• EXERCISE:
Where pictures appear, omit them, and copy exactly only the lines from the start of the listing through the line containing "[新築住宅] 熊谷市江南中央1丁目 全1邸の洋室|２階居室は全室収納あり！たっぷりある収納活用でお部屋もキレイを保てます♪", both included.

═════ SOURCE DATA

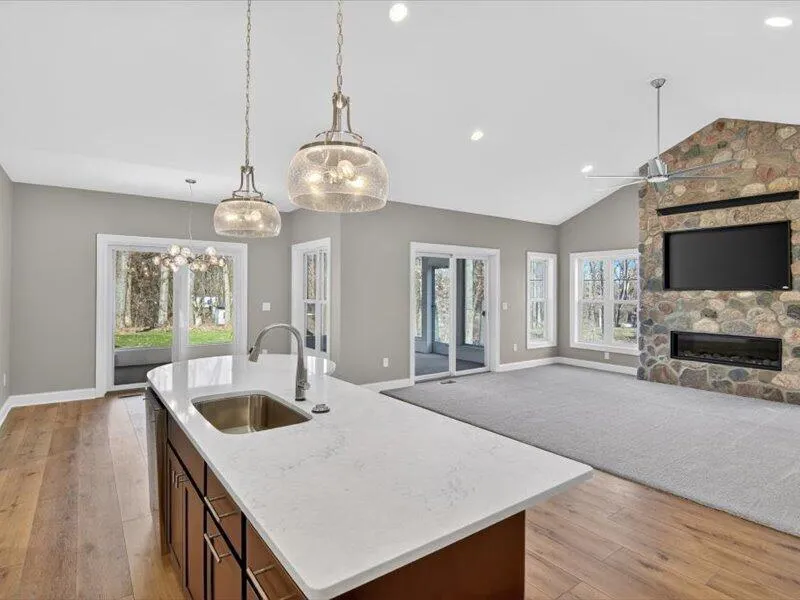 1132 Lochaven Circle Hillsdale, MI 49242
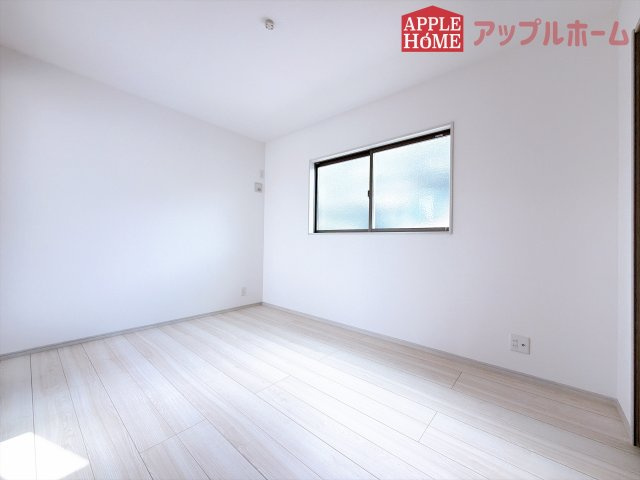 [新築住宅] 熊谷市江南中央1丁目 全1邸の洋室|２階居室は全室収納あり！たっぷりある収納活用でお部屋もキレイを保てます♪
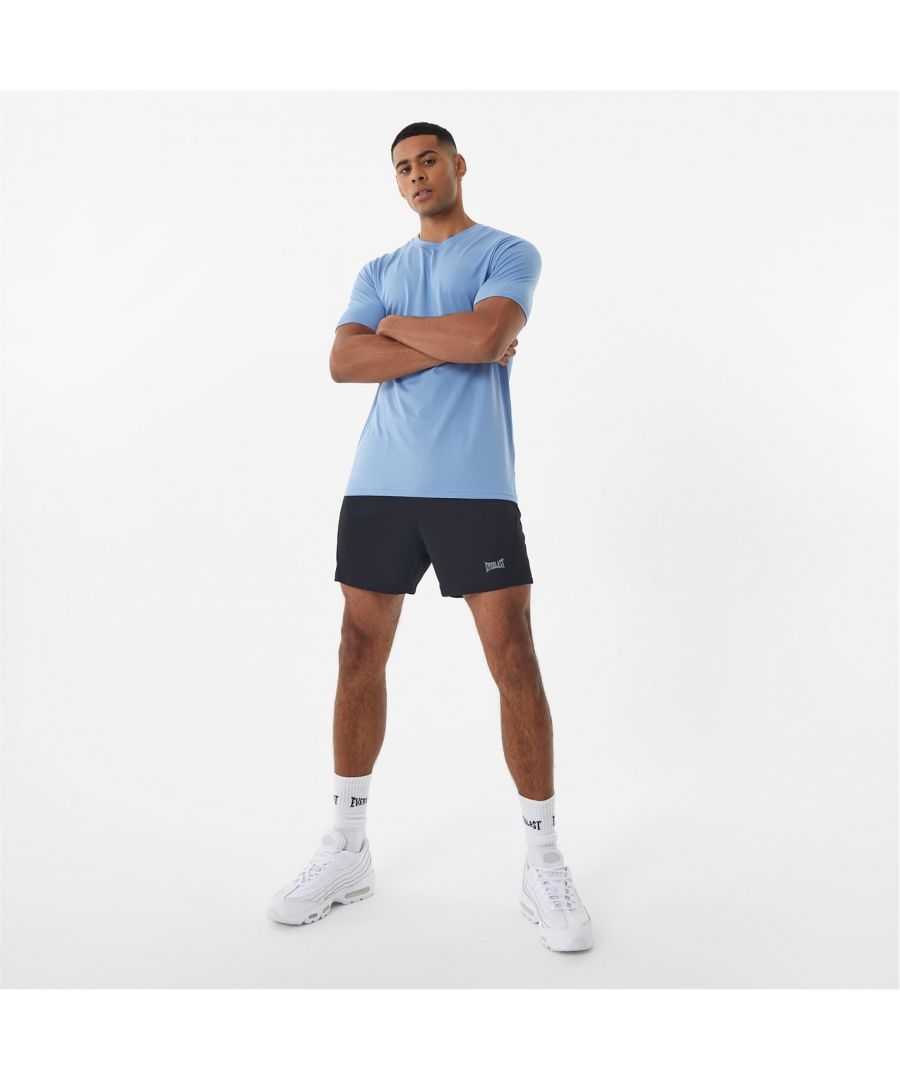 Elevate the sportswear game with Everlast this season and the next. These 5 inch Poly shorts with handy two pockets are ideal for gym and beyond, looking great whilst fitting and sitting just right. Complete with authentic and signature branding for that recognisable nod.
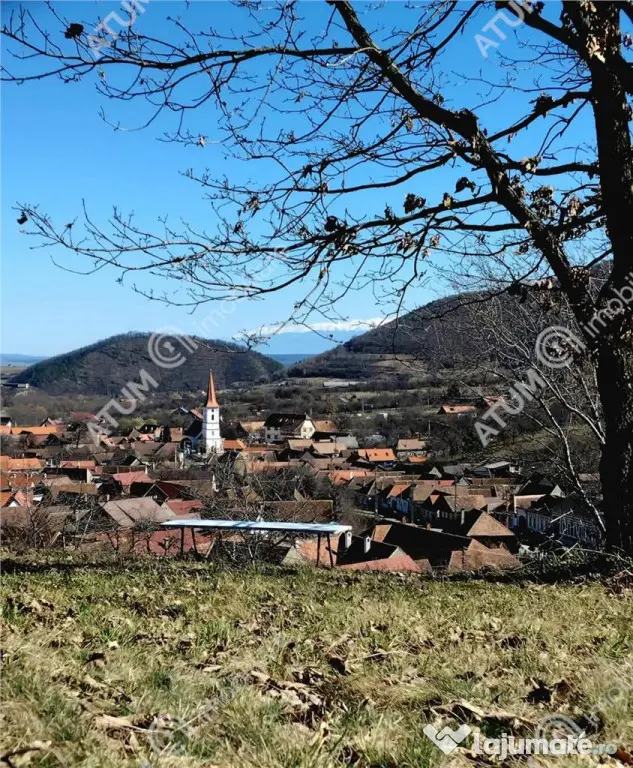 Teren intravilan 1025 mp cu acces utilitati si la drum in Si - Sibiel (Sibiu)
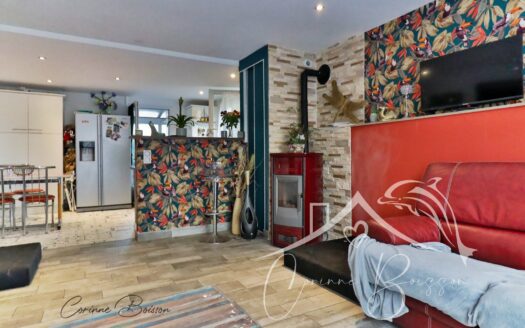 Less than 10 minutes walk from the port of Croisic and the beach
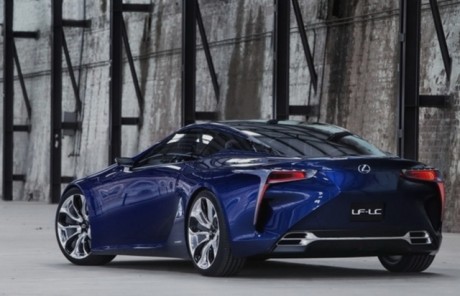 LEXUS-lflc-500h01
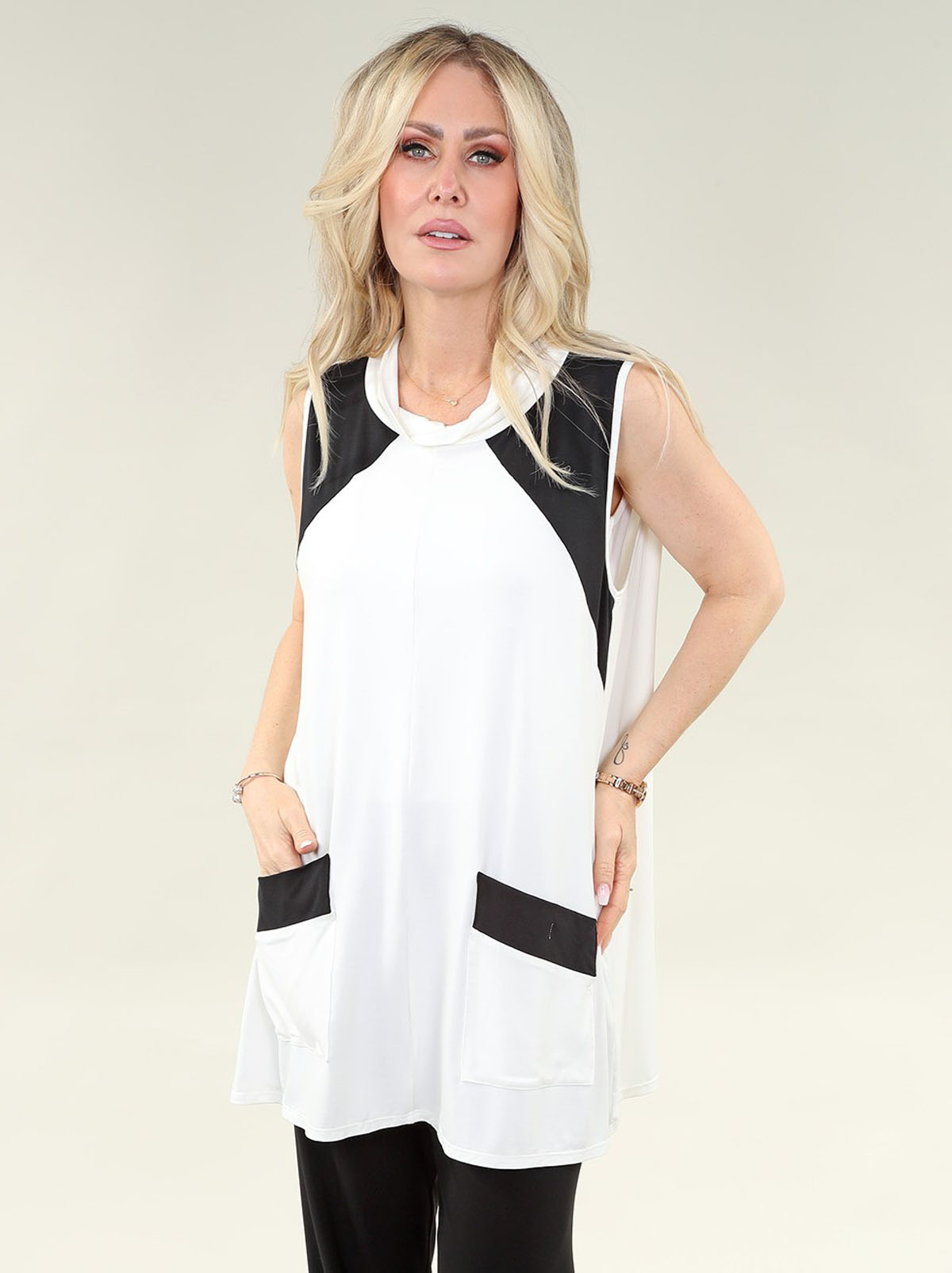 Sleeveless Tunic-Front Pouckets in A/S Ivory Black Tunic Bamboo 'Jersey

══════════

• RESULT FOR THIS EXERCISE:
 1132 Lochaven Circle Hillsdale, MI 49242
 [新築住宅] 熊谷市江南中央1丁目 全1邸の洋室|２階居室は全室収納あり！たっぷりある収納活用でお部屋もキレイを保てます♪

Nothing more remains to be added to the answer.